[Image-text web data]
────────────────────

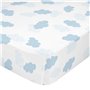 Drap housse HappyFriday BASIC KIDS Bleu 60 x 120 x 14 cm Nuages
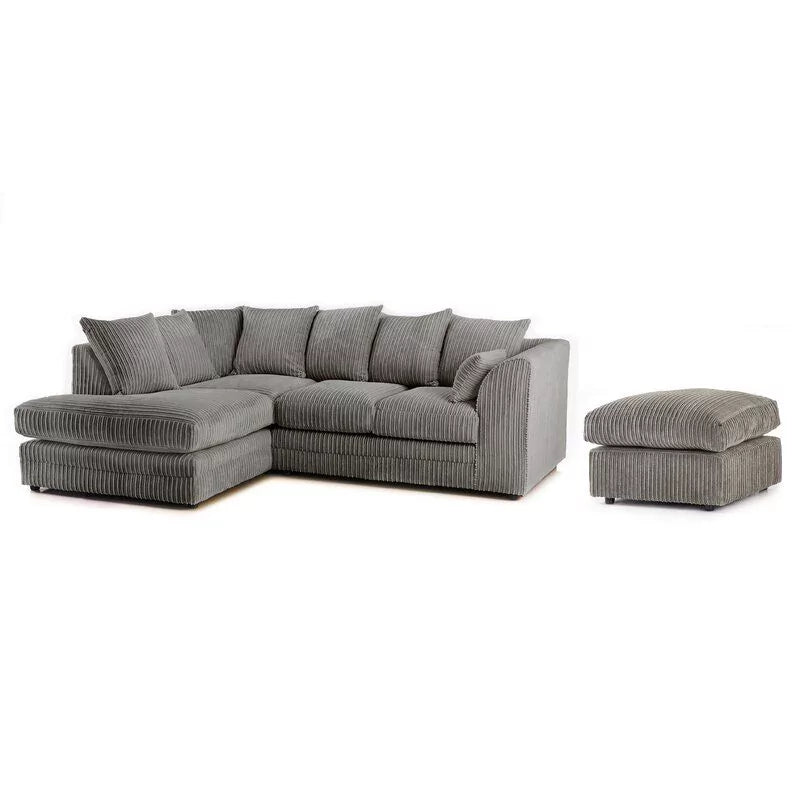 Mona Jumbo Cord Cream Corner Sofa with Footstool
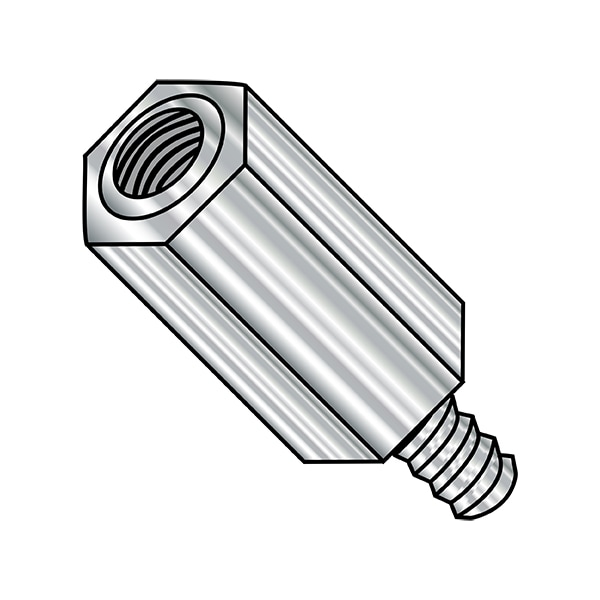Hex Standoff, #8-32 Thrd Sz, Stainless Steel Plain, 1/4" Hex W, 500 PK
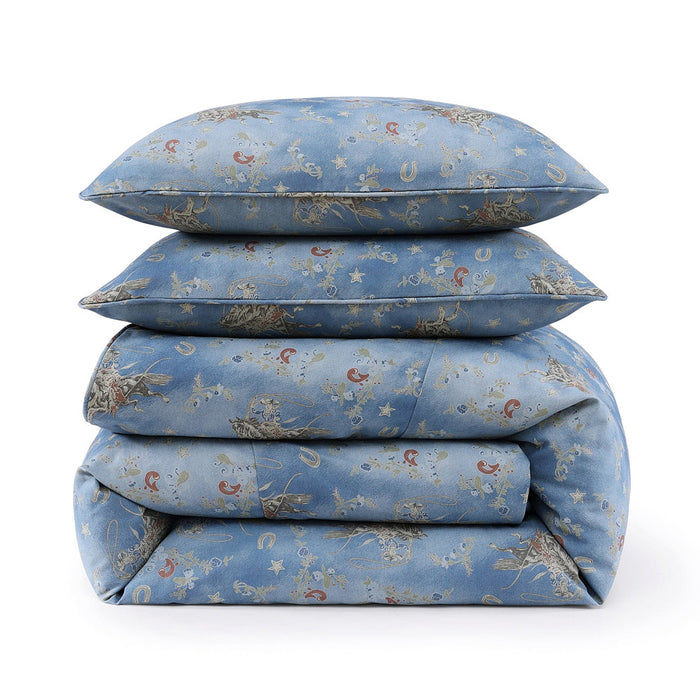 Hiend Accents Lee Western Washed Denim Bedding Set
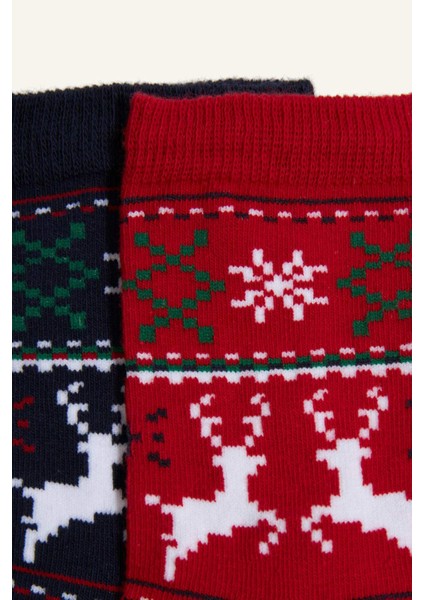 Kız Çocuk Yılbaşı Temalı 2'li Pamuklu Uzun Çorap G3870A8NS modelleri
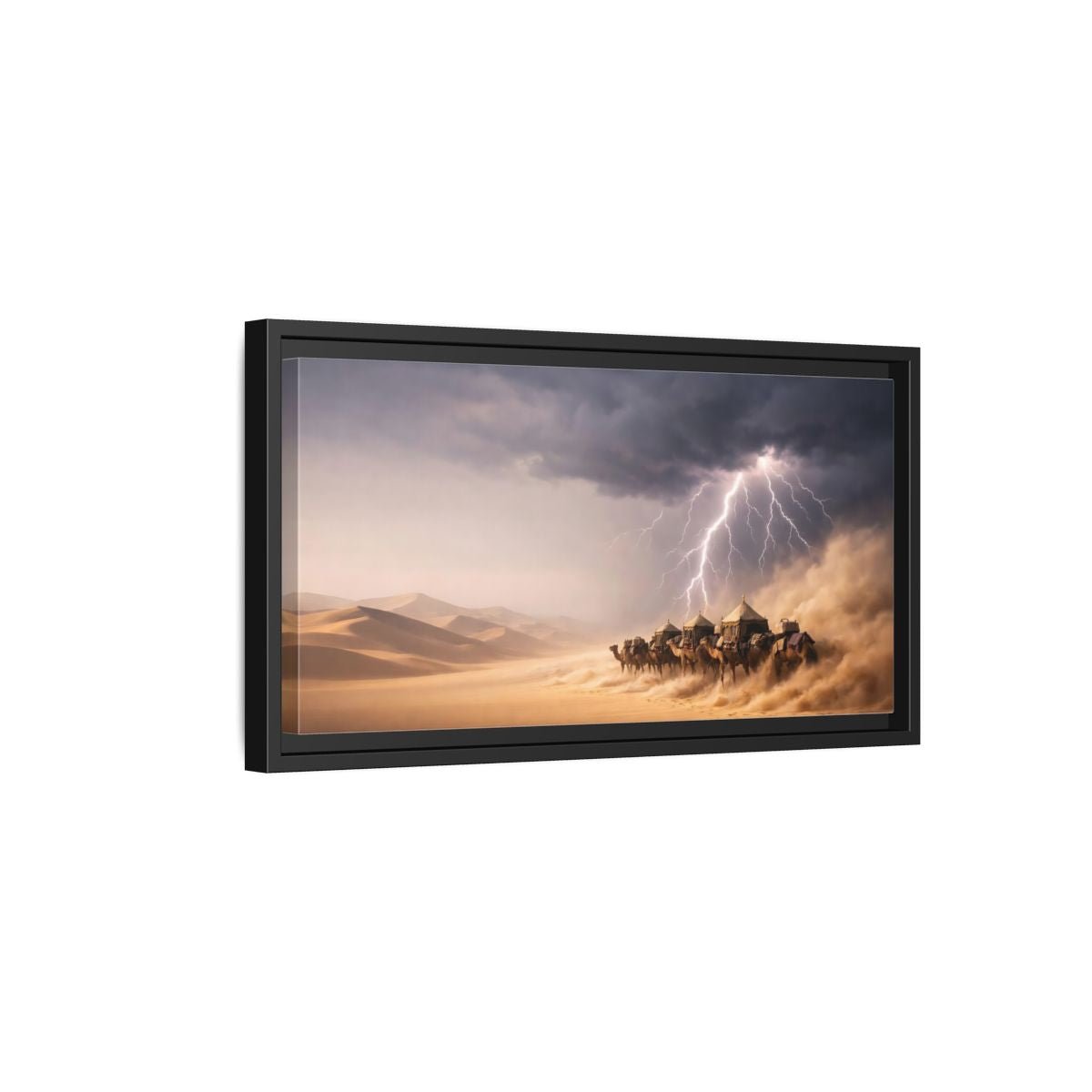 Landscape Nature Camel Caravan Desert Storm - Framed Canvas Wall Art Print - YesArtYes
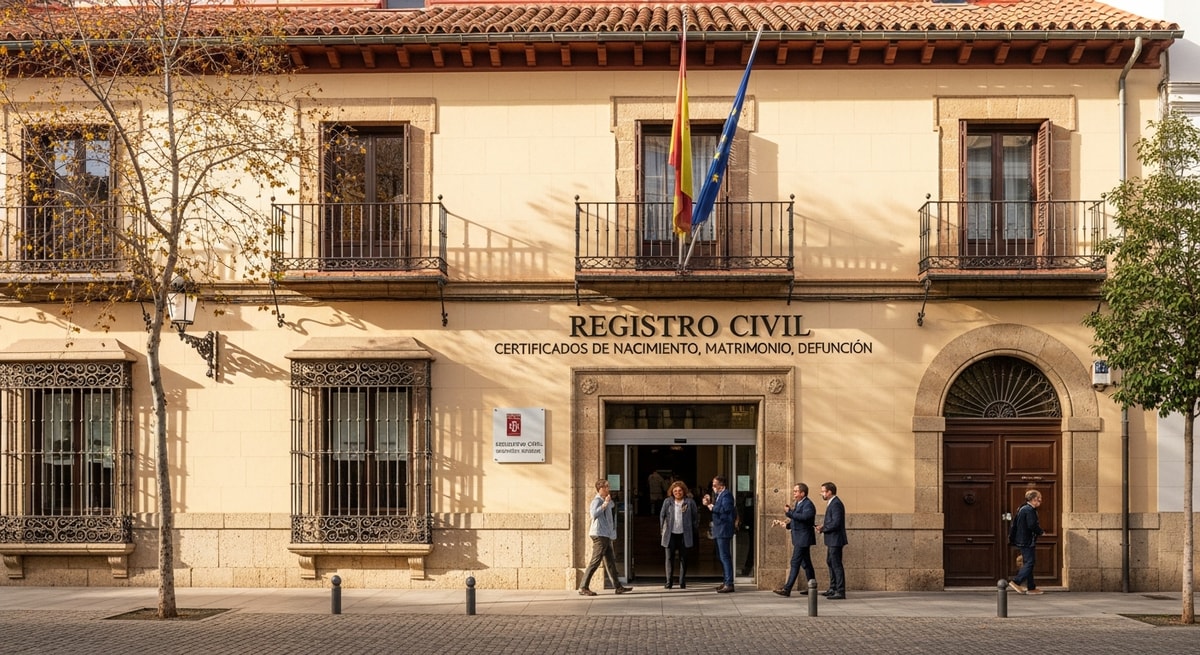 Spanish Registro Civil office building with official signage representing the civil registry system that issues certificados de nacimiento and other vital records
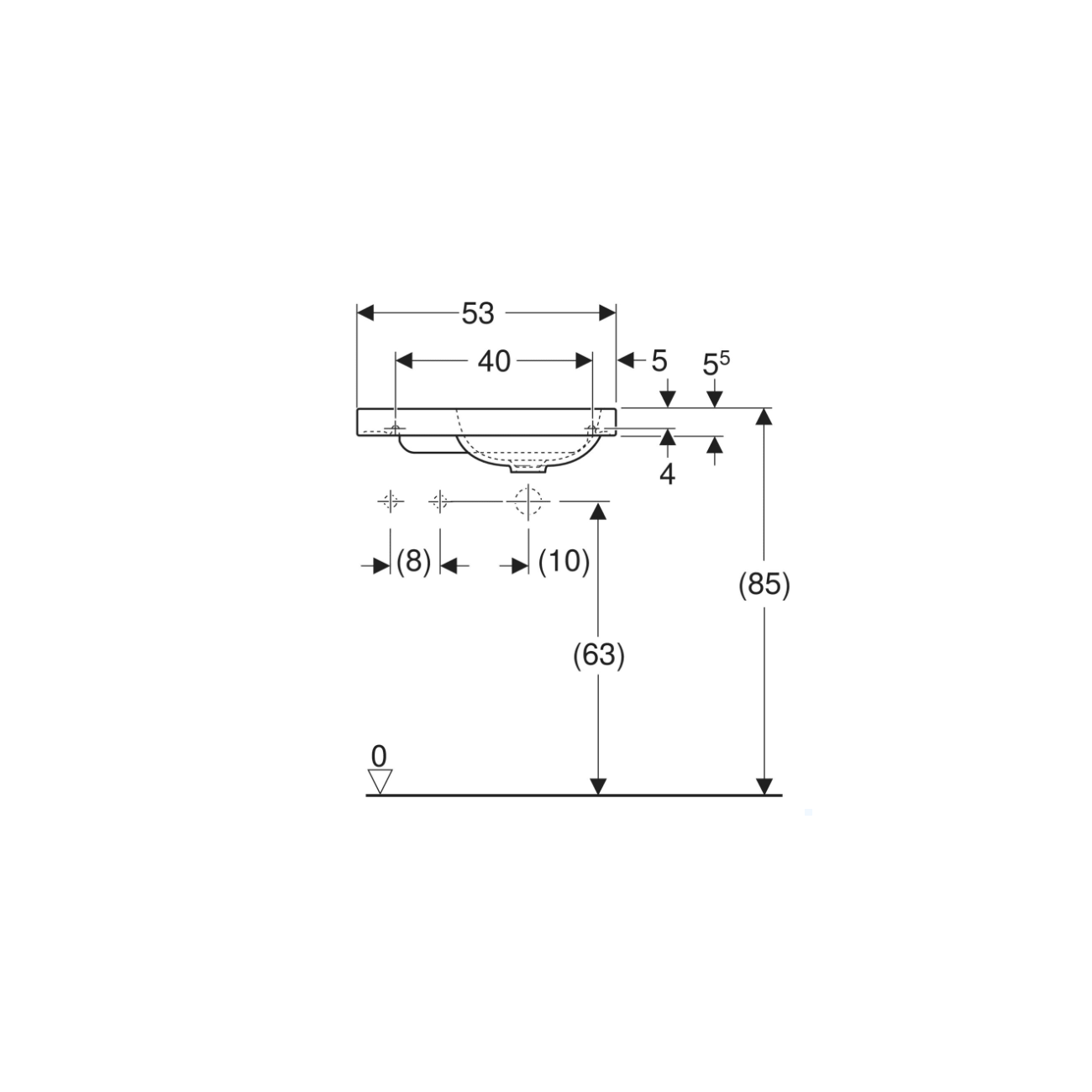 Geberit iCon, Hand wash with shelf 53 cm asymmetric left with hole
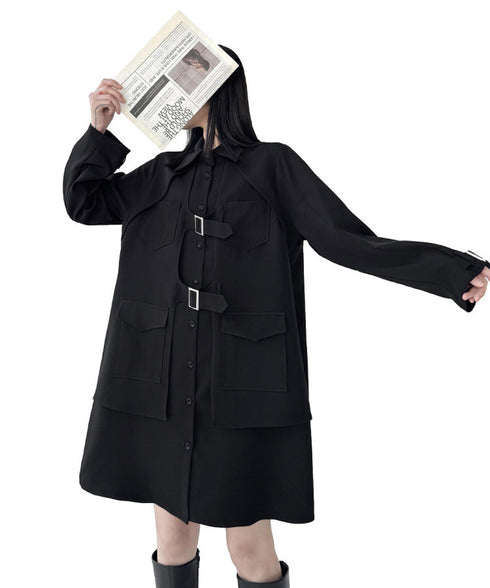 Buckle Layer Shirt Dress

────────────────────

WORK TO BE COMPLETED ::
Locate the line containing "Geberit iCon, Hand" in the records above, then output it and every line after it through the last, excluding pictures.

PROBLEM SOLUTION ::
 Geberit iCon, Hand wash with shelf 53 cm asymmetric left with hole
 Buckle Layer Shirt Dress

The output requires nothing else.